• About this task:
Your job is to return the whole listing unchanged while skipping its images.
### Data section ###
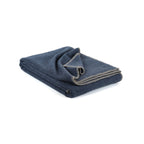 Luma Merino & Cashmere Blanket – Dark Blue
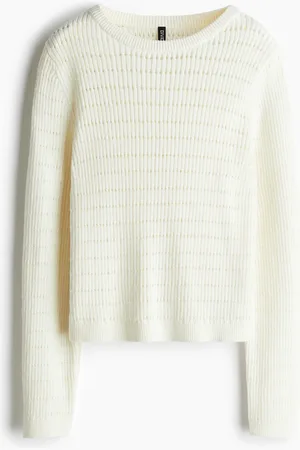 H&M Hullmønstret genser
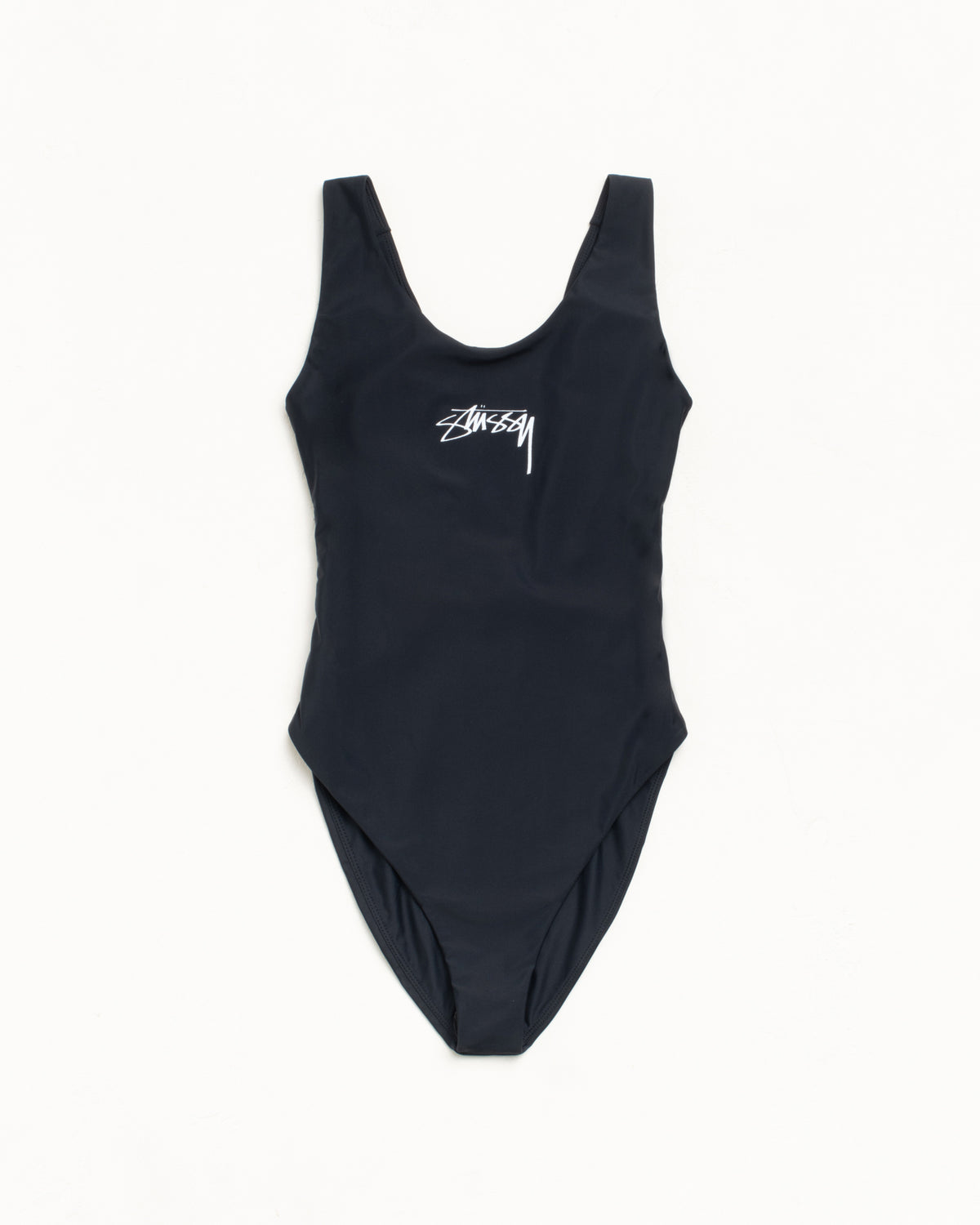 Surf Stock One Piece Swimsuit – Black | Swimwear | Stüssy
###
• Answer to this problem:
 Luma Merino & Cashmere Blanket – Dark Blue
 H&M Hullmønstret genser
 Surf Stock One Piece Swimsuit – Black | Swimwear | Stüssy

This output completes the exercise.